Back to all blogs
Introducing new Multilingual AI Safety Guardrails for 100 Languages
Introducing new Multilingual AI Safety Guardrails for 100 Languages
Dec 2, 2025
|
5 min read




LLM safety research has made rapid progress in English and a few high-resource languages, but global deployment exposes a hard limitation: safety guardrails do not generalize uniformly across languages. Empirically, multilingual jailbreak success rates increase sharply as we move from English → mid-resource → low-resource languages.

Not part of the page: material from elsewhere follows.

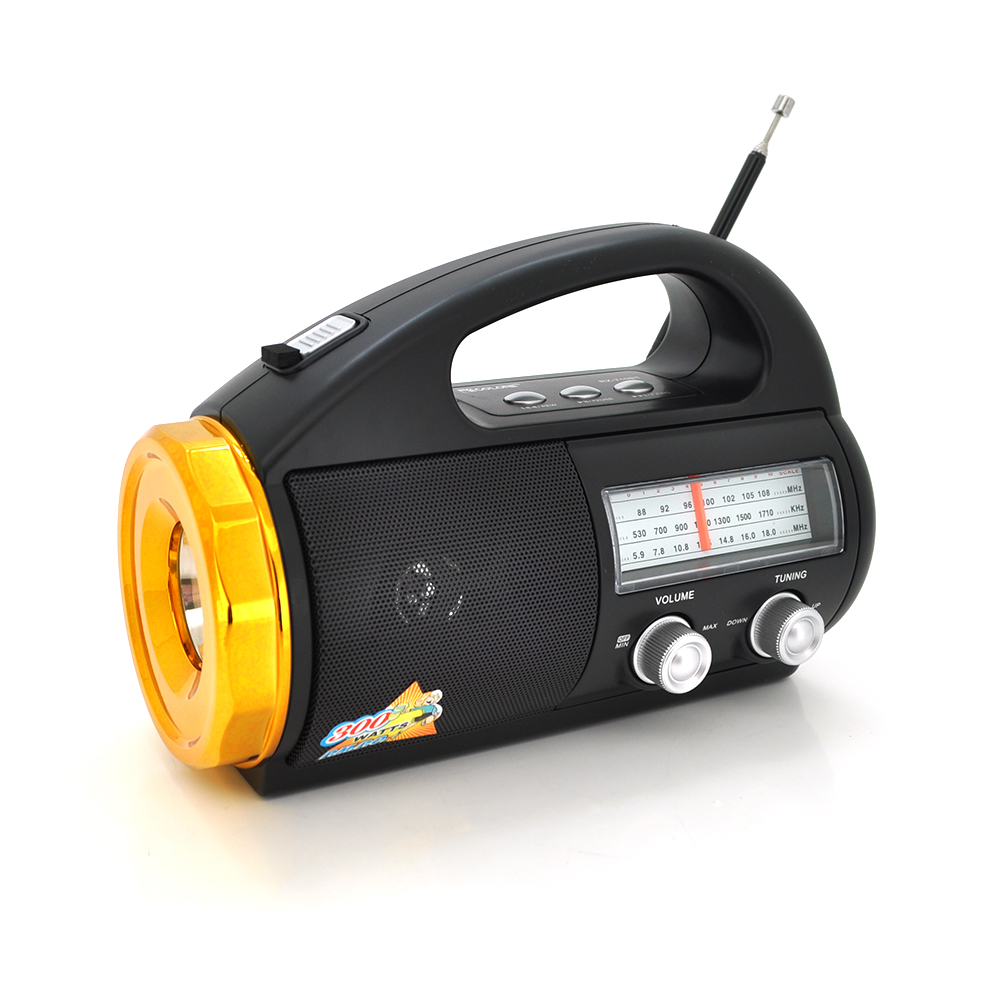 Радіоприймач GOLON RX-710BT, FM радіо, Вхід microSD, USB, AUX, корпус пластмас, Black, BOX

This is consistent across multilingual toxicity datasets, multilingual jailbreak benchmarks, and real-world user interactions. Low-resource communities face significantly higher risks, not because their languages are inherently harder, but because current systems were never architected to scale linguistically.
In our new work, “CREST: Universal Safety Guardrails Through Cluster-Guided Cross-Lingual Transfer” (short for CRoss-lingual Efficient Safety Transfer), we set out to address this gap from first principles, designing a scalable system that can support 100 languages, run 10× faster than existing LLM-based guardrails, and be trained using data from only 13 high-resource languages. This blog provides a high-level walkthrough of how CREST works, what makes it different, and why it matters. The full details, analysis, and experiments are in the paper.
The Multilingual Safety Gap Problem
Most existing guardrails are impressive engineering feats. But they all share the same bottleneck: They are built and evaluated mostly on English and a handful of high-resource languages. These approaches attempt to fill the gap either using machine translation, larger multilingual LLMs, or fine-tuning on multilingual datasets for every new language. The multilingual coverage scalability is treated as an additive problem. A simple harmful prompt in a high-resource language (eg: English, Spanish, or Hindi) is blocked by these guardrails, but easily bypassed in a low-resource language (eg: Hausa, Javanese, or Pashto). This is not dataset noise, but a systemic failure mode.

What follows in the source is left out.